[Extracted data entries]
Segment Open
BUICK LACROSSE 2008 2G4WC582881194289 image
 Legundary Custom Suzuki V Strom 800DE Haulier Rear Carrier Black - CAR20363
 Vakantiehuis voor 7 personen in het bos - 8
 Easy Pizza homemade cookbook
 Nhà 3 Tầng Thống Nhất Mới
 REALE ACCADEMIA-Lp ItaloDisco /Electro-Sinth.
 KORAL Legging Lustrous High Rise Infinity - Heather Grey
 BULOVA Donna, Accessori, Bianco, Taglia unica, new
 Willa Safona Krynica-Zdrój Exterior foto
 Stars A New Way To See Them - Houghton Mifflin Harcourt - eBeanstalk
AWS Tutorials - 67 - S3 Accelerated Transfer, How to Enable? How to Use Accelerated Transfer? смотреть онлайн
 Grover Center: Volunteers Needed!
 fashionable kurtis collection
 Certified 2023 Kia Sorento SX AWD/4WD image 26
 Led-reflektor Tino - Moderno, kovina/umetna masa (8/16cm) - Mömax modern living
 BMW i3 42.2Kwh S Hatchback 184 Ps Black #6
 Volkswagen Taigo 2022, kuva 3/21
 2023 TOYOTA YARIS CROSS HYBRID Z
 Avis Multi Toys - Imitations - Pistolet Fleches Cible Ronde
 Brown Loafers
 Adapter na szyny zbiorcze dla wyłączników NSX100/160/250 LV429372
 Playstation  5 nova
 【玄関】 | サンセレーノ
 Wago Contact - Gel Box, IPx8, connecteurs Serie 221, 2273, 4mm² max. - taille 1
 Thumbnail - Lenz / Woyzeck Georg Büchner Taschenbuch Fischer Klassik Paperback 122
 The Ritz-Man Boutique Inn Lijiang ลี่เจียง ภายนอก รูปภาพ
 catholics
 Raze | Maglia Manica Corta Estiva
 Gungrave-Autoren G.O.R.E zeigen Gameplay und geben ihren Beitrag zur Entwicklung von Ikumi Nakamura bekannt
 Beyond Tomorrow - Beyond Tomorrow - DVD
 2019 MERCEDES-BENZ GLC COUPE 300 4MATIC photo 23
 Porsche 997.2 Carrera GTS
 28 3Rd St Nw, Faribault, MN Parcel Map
Segment Closed
> [Exercise objective]: From the first line of the data above through the line containing "Adapter na szyny", repeat each line exactly, and add nothing.

> [Result for this task]:
BUICK LACROSSE 2008 2G4WC582881194289 image
 Legundary Custom Suzuki V Strom 800DE Haulier Rear Carrier Black - CAR20363
 Vakantiehuis voor 7 personen in het bos - 8
 Easy Pizza homemade cookbook
 Nhà 3 Tầng Thống Nhất Mới
 REALE ACCADEMIA-Lp ItaloDisco /Electro-Sinth.
 KORAL Legging Lustrous High Rise Infinity - Heather Grey
 BULOVA Donna, Accessori, Bianco, Taglia unica, new
 Willa Safona Krynica-Zdrój Exterior foto
 Stars A New Way To See Them - Houghton Mifflin Harcourt - eBeanstalk
AWS Tutorials - 67 - S3 Accelerated Transfer, How to Enable? How to Use Accelerated Transfer? смотреть онлайн
 Grover Center: Volunteers Needed!
 fashionable kurtis collection
 Certified 2023 Kia Sorento SX AWD/4WD image 26
 Led-reflektor Tino - Moderno, kovina/umetna masa (8/16cm) - Mömax modern living
 BMW i3 42.2Kwh S Hatchback 184 Ps Black #6
 Volkswagen Taigo 2022, kuva 3/21
 2023 TOYOTA YARIS CROSS HYBRID Z
 Avis Multi Toys - Imitations - Pistolet Fleches Cible Ronde
 Brown Loafers
 Adapter na szyny zbiorcze dla wyłączników NSX100/160/250 LV429372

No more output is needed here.